1. Construir governos a partir da honestidade estrutural
O Brasil, tantas vezes confundido entre improvisos, radicalismos e disputas estéreis, volta e meia precisa reaprender lições que nunca deveriam ter sido esquecidas. Uma dessas lições é a de Jarbas Vasconcelos. Não apenas por sua biografia política — duas vezes prefeito do Recife, duas vezes governador de Pernambuco, senador, deputado e figura central do MDB (Movimento Democrático Brasileiro) —, mas pelo método, pela postura e pelo conjunto de princípios que orientaram sua trajetória.
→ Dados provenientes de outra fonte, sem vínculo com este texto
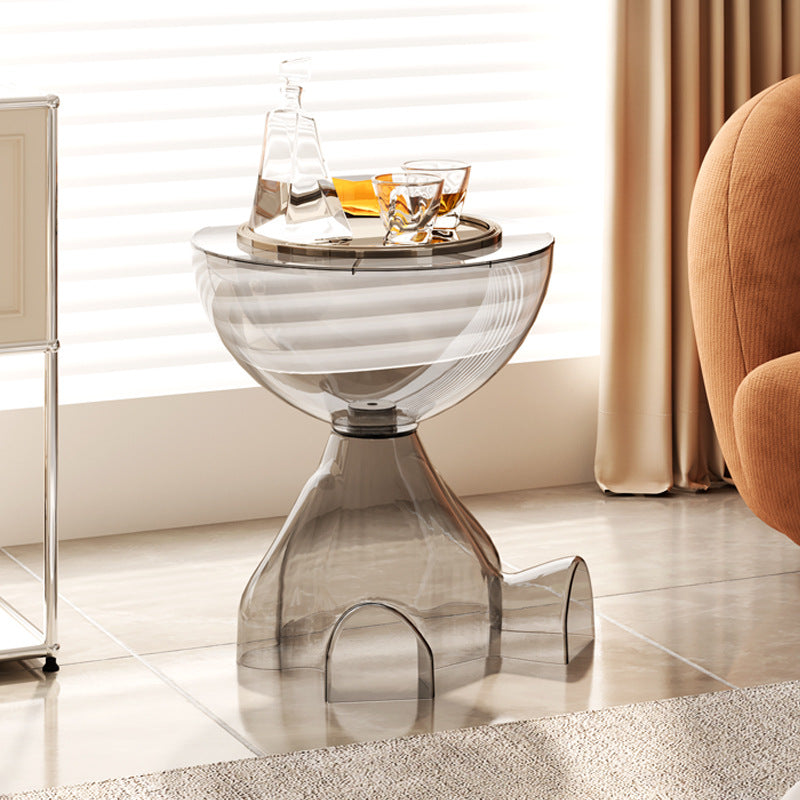 Contemporary Bear Plastic Round Coffee Table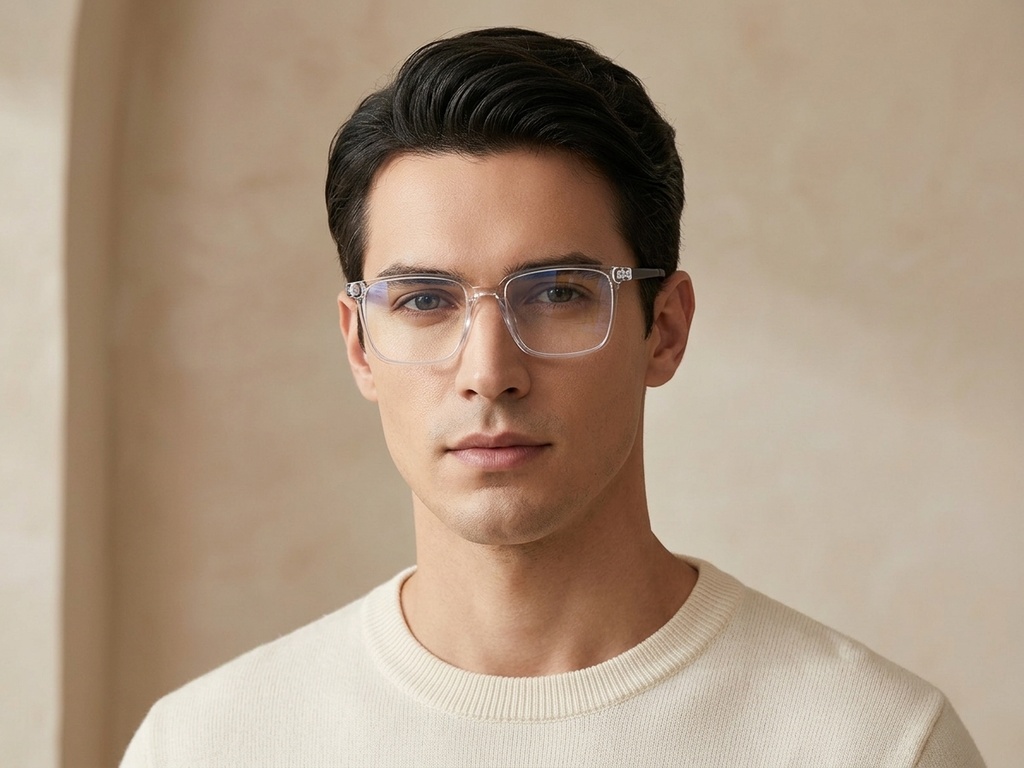 BS0620-0196_Transparent_Rectangular_TR90_Glasses_corner-tryon_male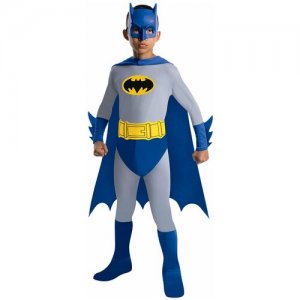 Карнавальный костюм Rubies Бэтмен синий классический RUBIE'S. Цвет: синий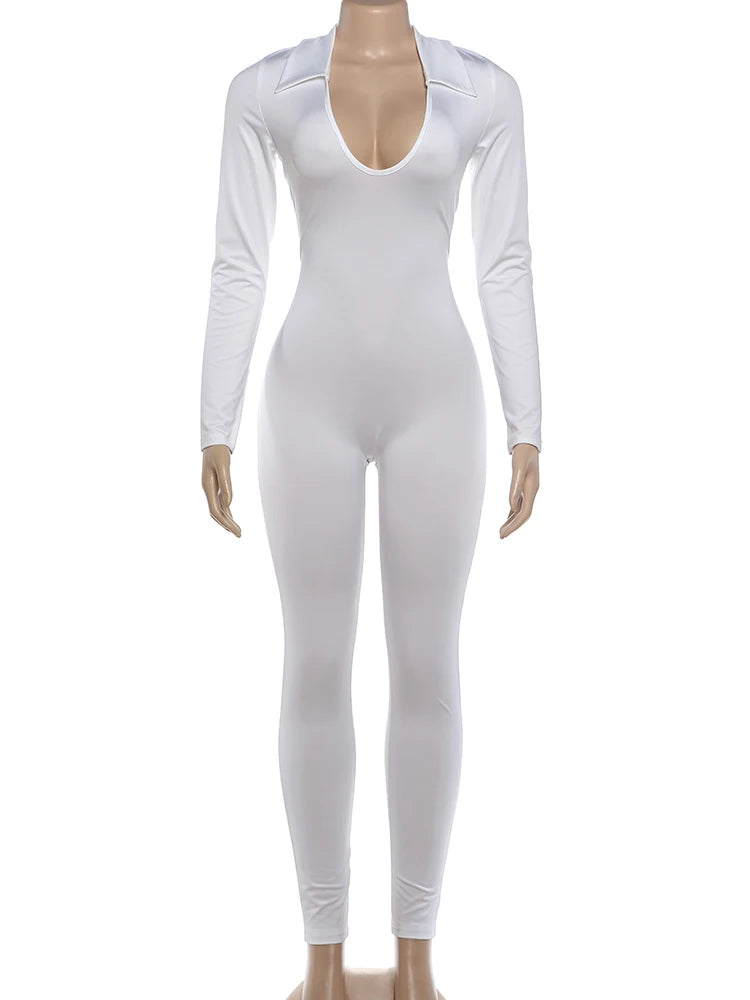 Cross Bandage Hollow Jumpsuit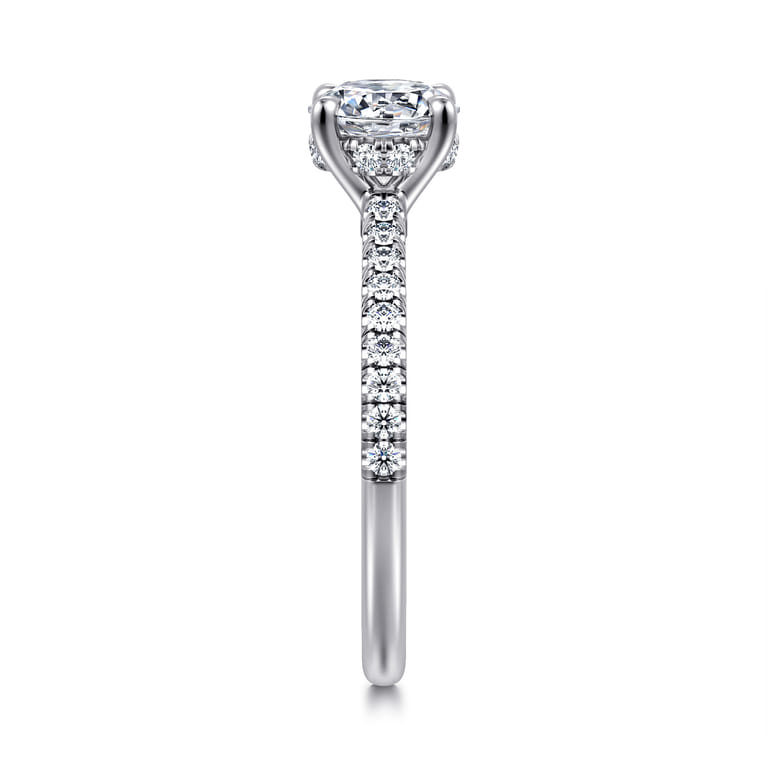 Broderick - 14K White Gold Round Diamond Engagement Ring - 0.28 ct - Shot 5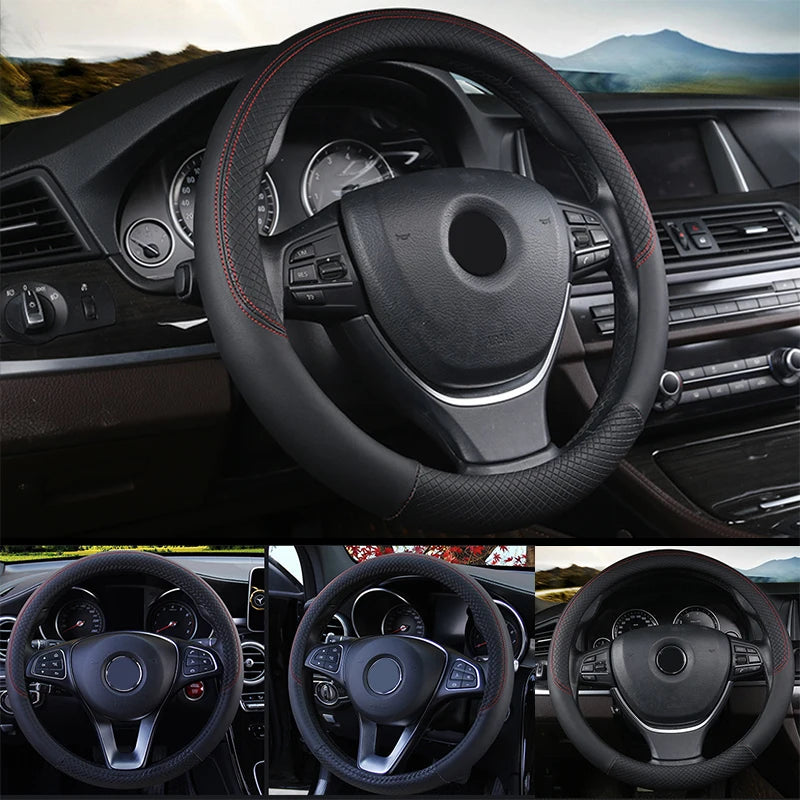Capa de Volante Universal de Couro para Carro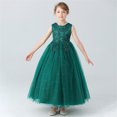 thumbnail image 1 of Cadeau pour Filles, Costume Princess à Imprimé Papillons, Robe Loli Mignonne pour Enfants, Col Rond, Manches Courtes, Nœud Brodé, Bouffante, Robe Princess, 1 of 2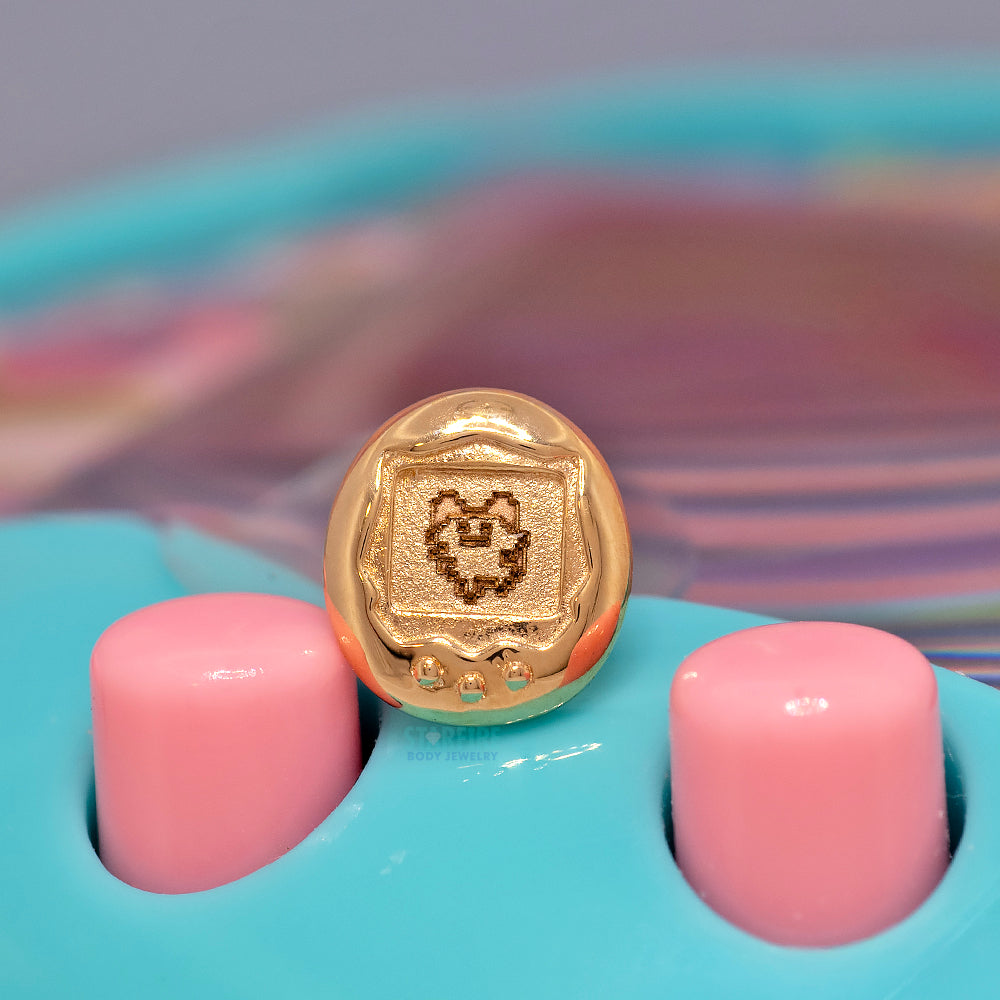 threadless: "Tamagotchi" End in Gold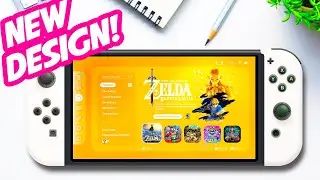 Nintendo Switch Store new design for Switch OLED!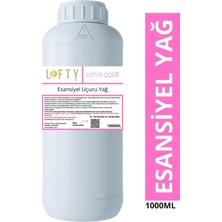 Lofty Lotus Çiçeği Esansiyel Uçucu Yağ, Konsantre Esans, Oda Kokusu 1000 ml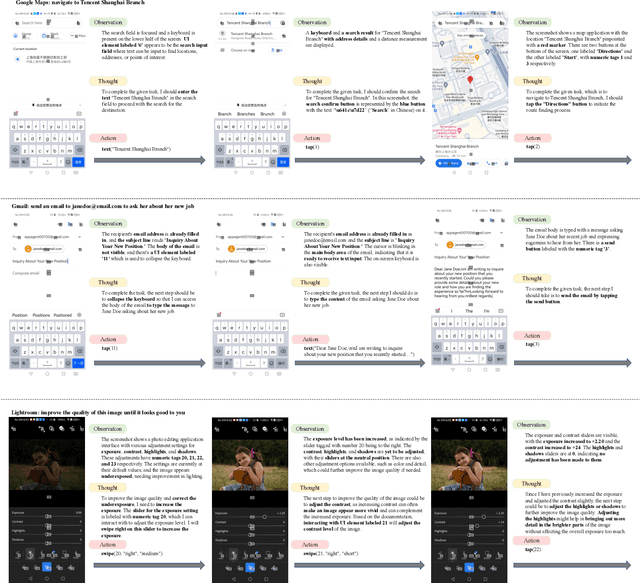 Figure 4 for AppAgent: Multimodal Agents as Smartphone Users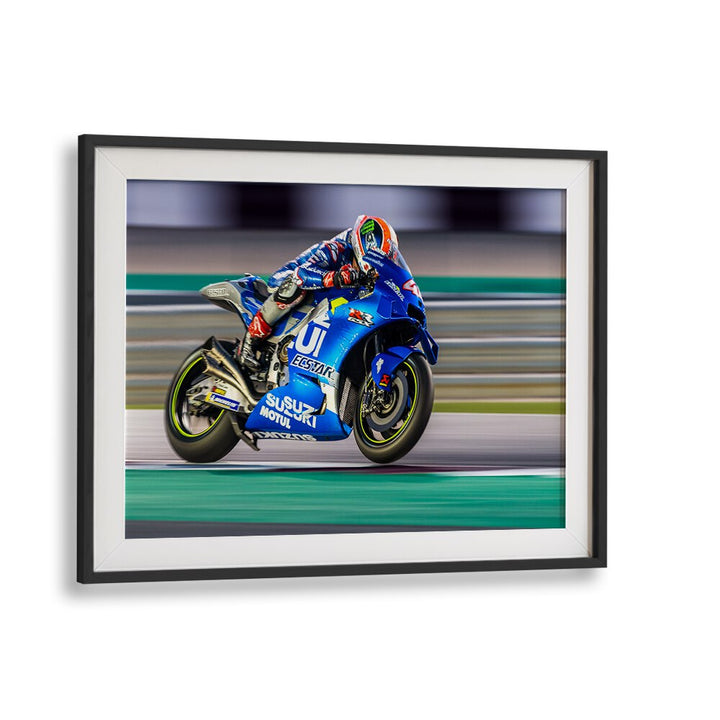 speed bike poster in Black Frame With Mount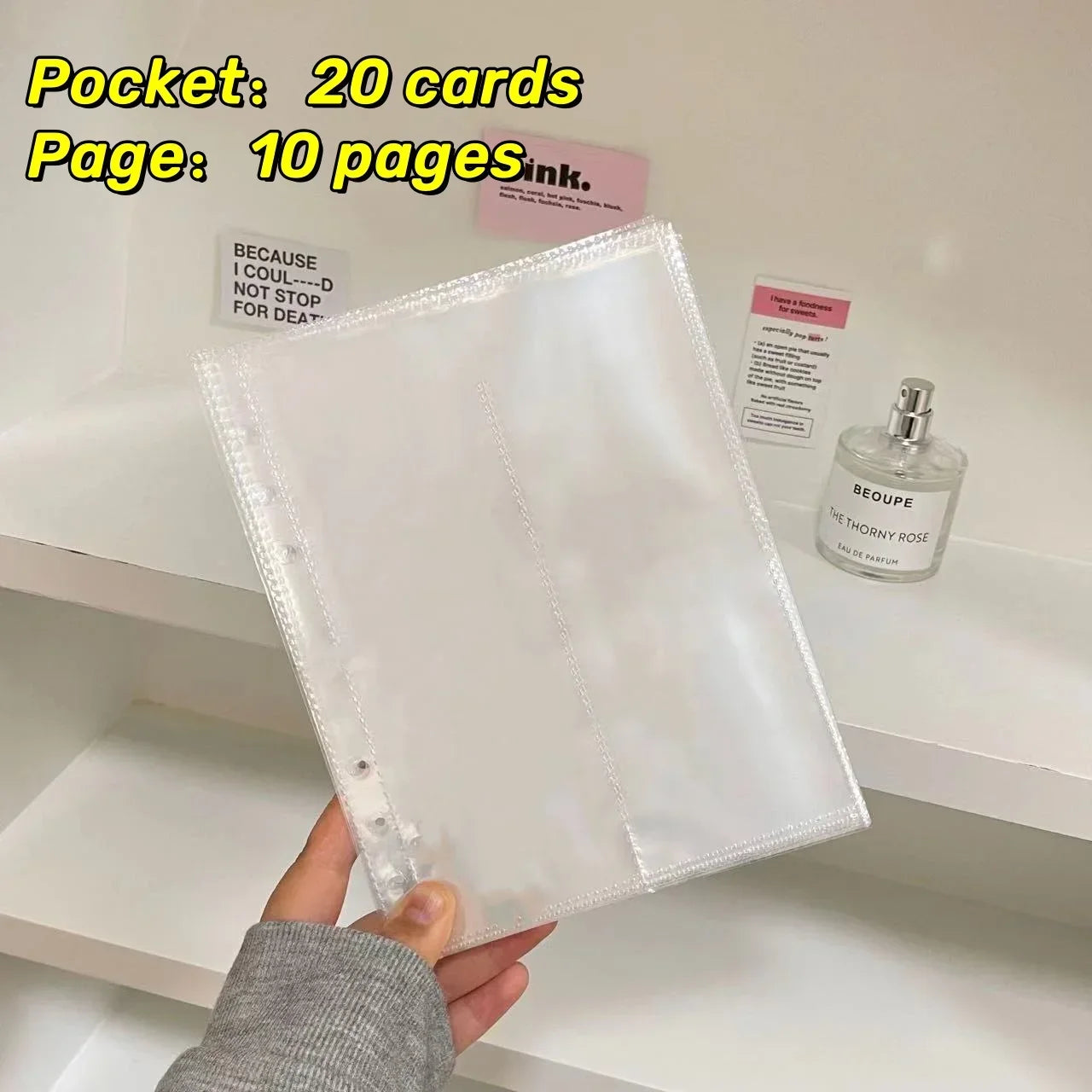 1-4 Grids INS Girl Album Small Card Collect Album Multi-Pockets Photo Card Binder Top Loading Photo Sheet Protector Collect Card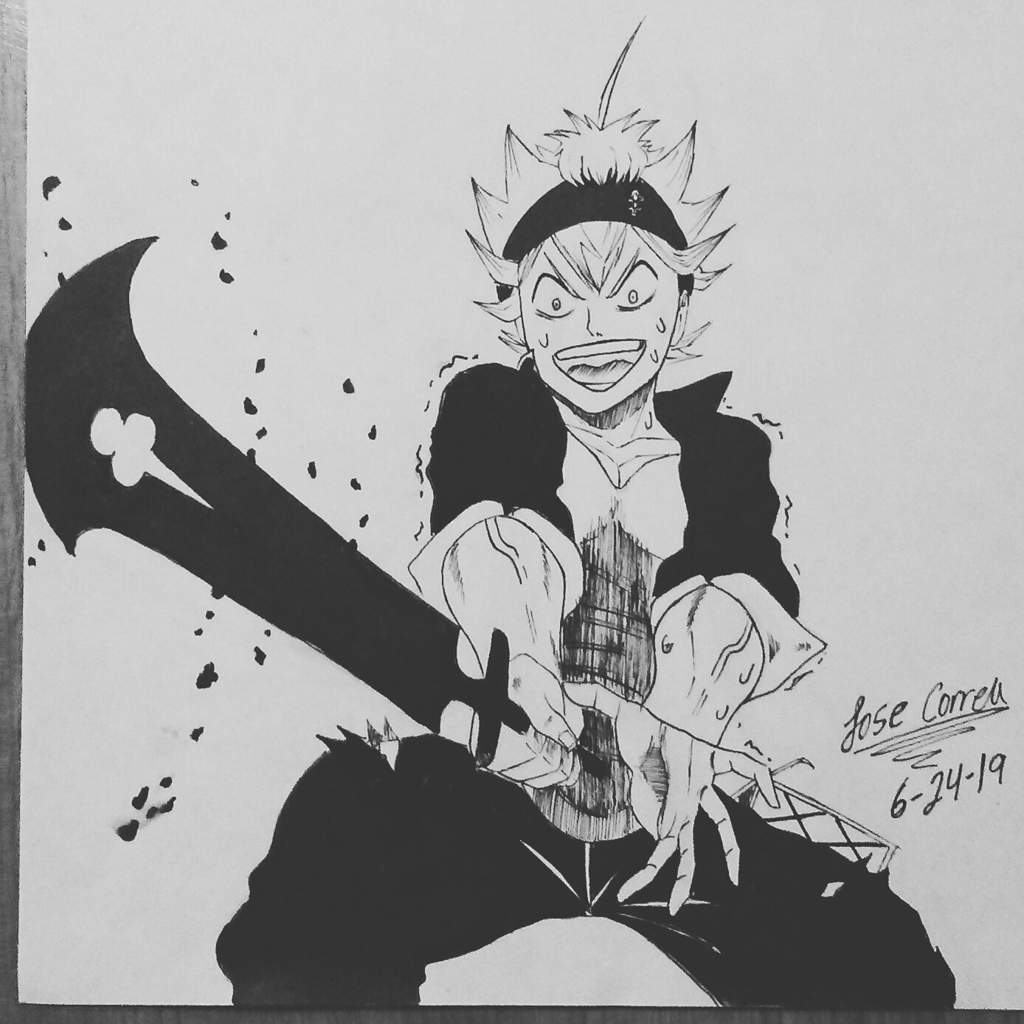 Another Asta drawing | Manga Amino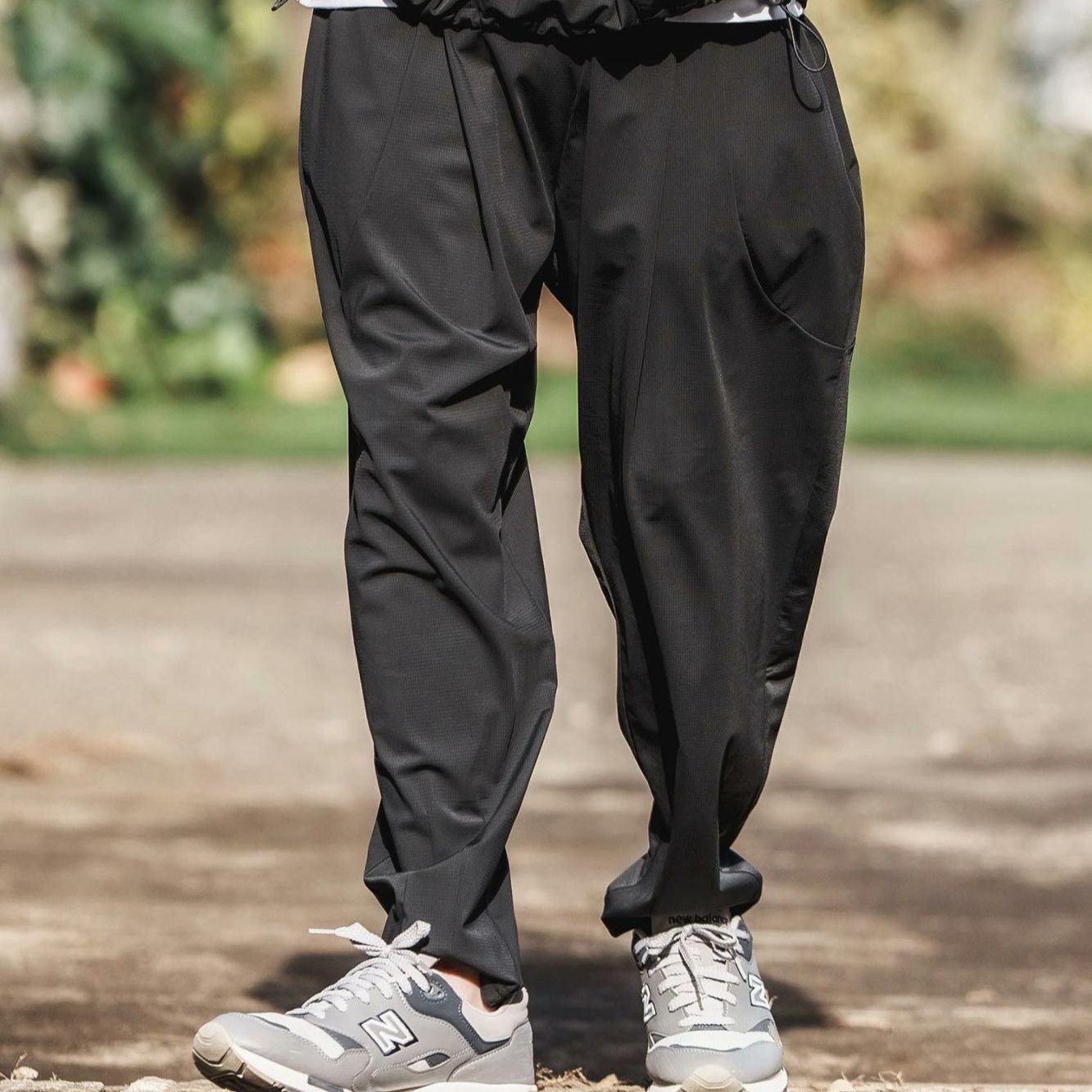 CAMBIO カンビオ Stretch Nylon Balloon Silhouette Easy Pants ナイロンイージーパンツ S 44725 cmb Black ブラック 黒 商品番号 mp 13210 管理番号 736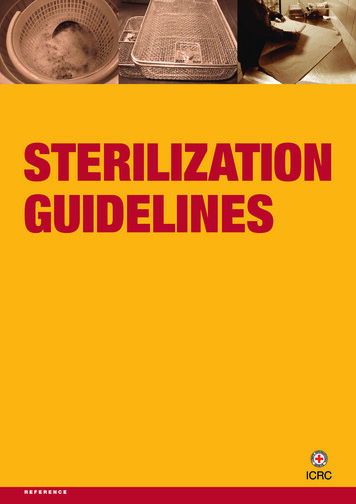 Sterilization Guidelines - ICRC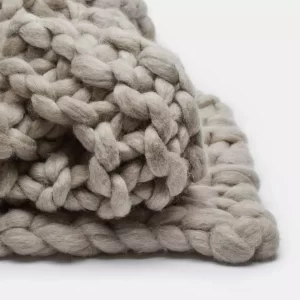 Corriedale Wool Knit Stitch Blanket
Em um país em que muitos tratam a política como espetáculo, Jarbas tratava como obrigação ética e técnica. Por isso, sua obra se torna essencial para orientar a nova geração de prefeitos. O primeiro princípio que sempre guiou Jarbas foi o da honestidade estrutural. Não aquela honestidade proclamada aos quatro ventos, mas a praticada em silêncio, diariamente, como método de trabalho. Ele sabia que a pior crise de um governo não é a fiscal, nem a administrativa, mas a moral. Quando a integridade se perde, não há política pública que se sustente. Sua biografia demonstra que previsibilidade, confiança e respeito vêm antes de qualquer obra. Governos duram quatro anos; caráter dura uma vida inteira.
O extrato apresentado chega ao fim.